A single line is all you need to turn the previous DAG into a workflow:

# <follow the previous code>
from ray import workflow

# Create the workflow from the DAG.
wf = workflow.create(output)
# Execute the workflow and print the result.
print(wf.run())

# The workflow can also be executed asynchronously.
# print(ray.get(output.run_async()))

Here is the workflow we created:

../_images/basic.png

Each node in the original DAG becomes a workflow task. Workflow tasks behave similarly to Ray tasks. They are executed in a parallel and distributed way.

Setting workflow options

You can directly set Ray options to a workflow task just like to a normal Ray remote function. To set workflow-specific options, you can use workflow.options either as a decorator or as a option feeding dictionary:

import ray
from ray import workflow

@workflow.options(checkpoint=False)
@ray.remote(num_cpus=2, num_gpus=3)
def read_data(num: int):
    return [i for i in range(num)]

read_data_with_options = read_data.options(
    num_cpus=1, num_gpus=1, **workflow.options(checkpoint=True))

Retrieving results

To retrieve a workflow result, you can assign workflow_id when running a workflow:

import ray
from ray import workflow

try:
    # cleanup previous workflows
    workflow.delete("add_example")
except Exception:
    pass

@ray.remote
def add(left: int, right: int) -> int:
    return left + right

@ray.remote
def get_val() -> int:
    return 10

ret = add.bind(get_val.bind(), 20)

assert workflow.create(ret).run(workflow_id="add_example") == 30

Then workflow results can be retrieved with workflow.get_output(workflow_id) -> ObjectRef[T]. If the workflow has not yet completed, calling ray.get() on the returned reference will block until the result is computed. For example:

assert ray.get(workflow.get_output("add_example")) == 30

We can retrieve the results for individual workflow tasks too with named tasks. A task can be named in two ways:

  1. via .options(**workflow.options(name="task_name"))

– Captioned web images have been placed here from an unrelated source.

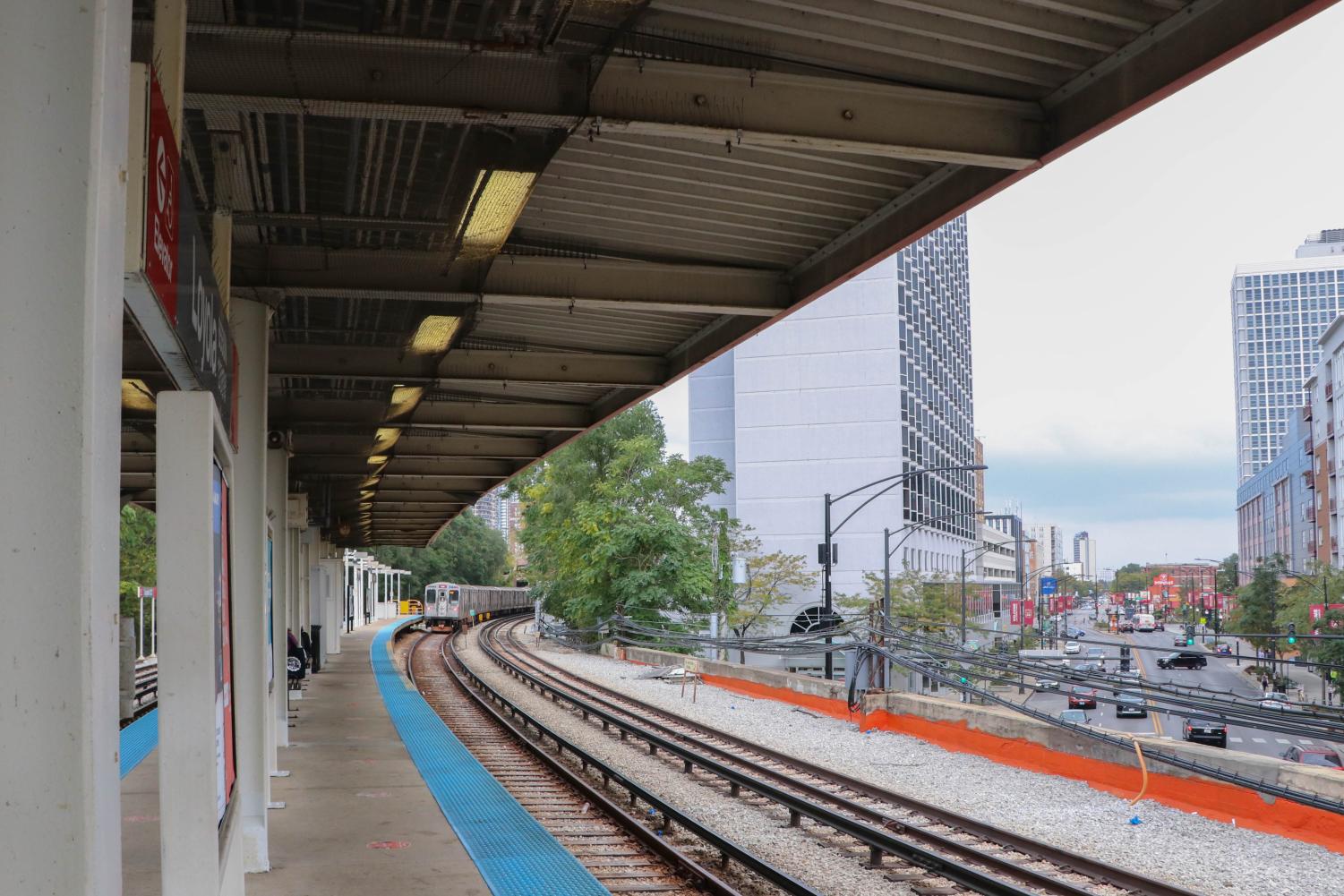 A+distant+train+rolls+into+the+Loyola+CTA+station.+City+buildings+are+visible+in+the+distance.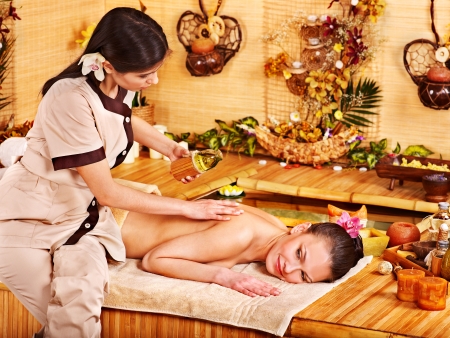 Young woman getting massage in bamboo spa.の写真素材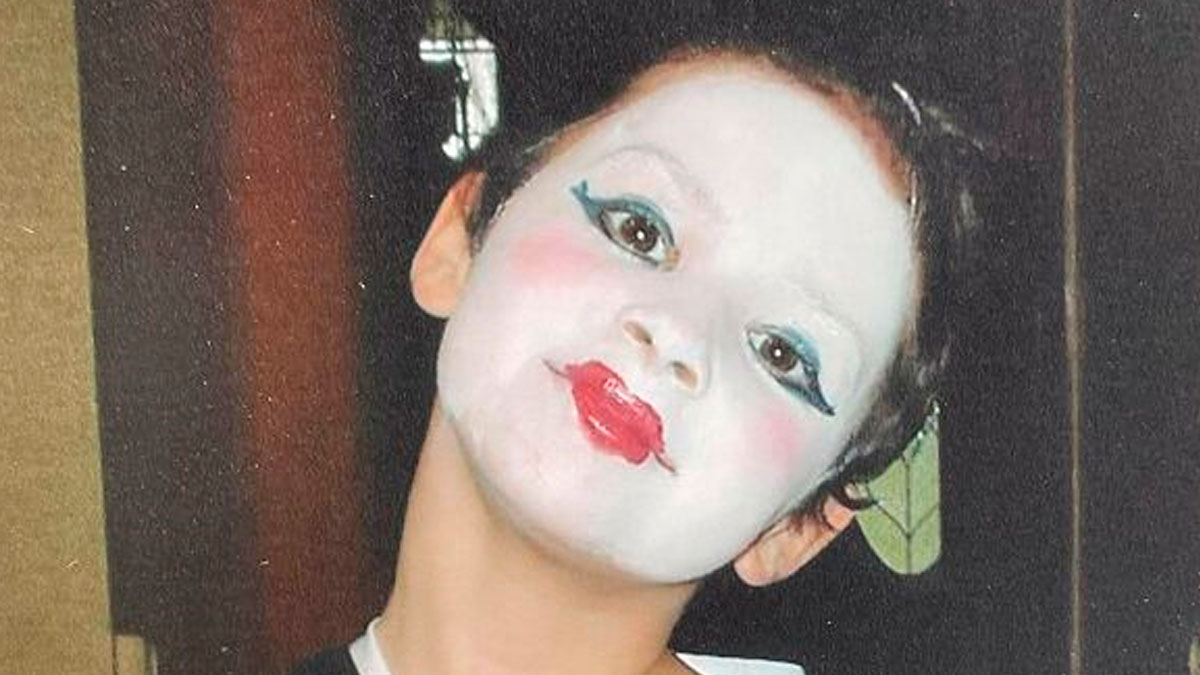 Child with regrettable past makeup, white face paint, bright red lipstick, and dramatic blue eye shadow posing for photo.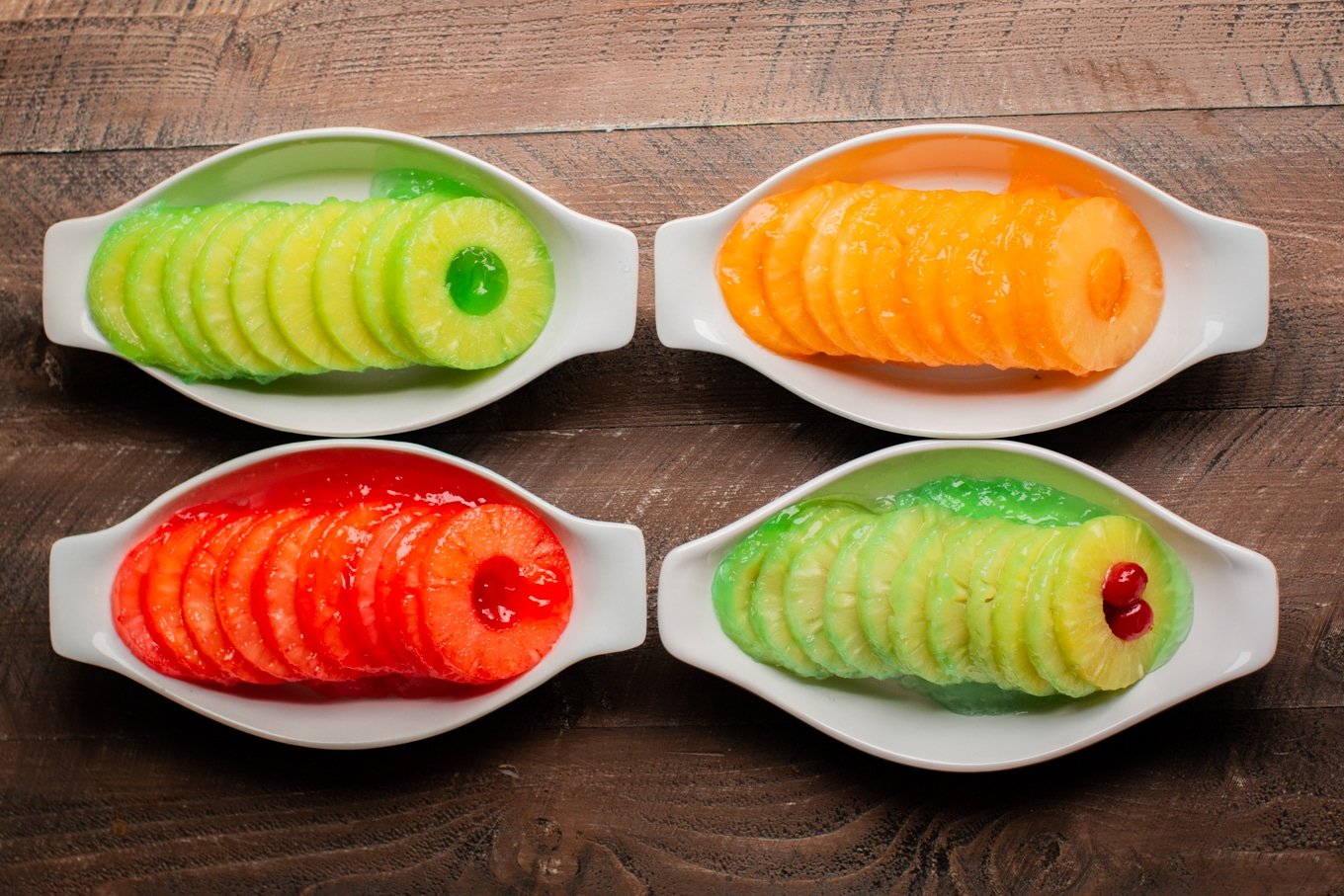 4 white boat shaped dishes with pineapple and jello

  2. via decorator @workflow.options(name="task_name")

Once a task is given a name, the result of the task will be retrievable via workflow.get_output(workflow_id, name="task_name"). If the task with the given name hasn’t been executed yet, an exception will be thrown. Here are some examples:

# TODO(suquark): Fix this example
import ray
from ray import workflow

try:
    # cleanup previous workflows
    workflow.delete("double")
except Exception:
    pass

@ray.remote
def double(v):
    return 2 * v

inner_task = double.options(**workflow.options(name="inner")).bind(1)
outer_task = double.options(**workflow.options(name="outer")).bind(inner_task)
result = workflow.create(outer_task).run_async("double")
inner = workflow.get_output("double", name="inner")
outer = workflow.get_output("double", name="outer")

assert ray.get(inner) == 2
assert ray.get(outer) == 4
assert ray.get(result) == 4

If there are multiple tasks with the same name, a suffix with a counter _n will be added automatically. For example,

# TODO(suquark): Fix this example
import ray
from ray import workflow

try:
    # cleanup previous workflows
    workflow.delete("double")
except Exception:
    pass

@workflow.options(name="double")
@ray.remote
def double(s):
    return s * 2

inner_task = double.bind(1)
outer_task = double.bind(inner_task)
result = workflow.create(outer_task).run_async("double")

inner = workflow.get_output("double", name="double")
outer = workflow.get_output("double", name="double_1")

assert ray.get(inner) == 2
assert ray.get(outer) == 4
assert result == 4

By default, each task will be given a name generated by the library, <WORKFLOW_ID>.<MODULE_NAME>.<FUNC_NAME>.

Error handling

Workflows provides two ways to handle application-level exceptions: (1) automatic retry, and (2) the ability to catch and handle exceptions.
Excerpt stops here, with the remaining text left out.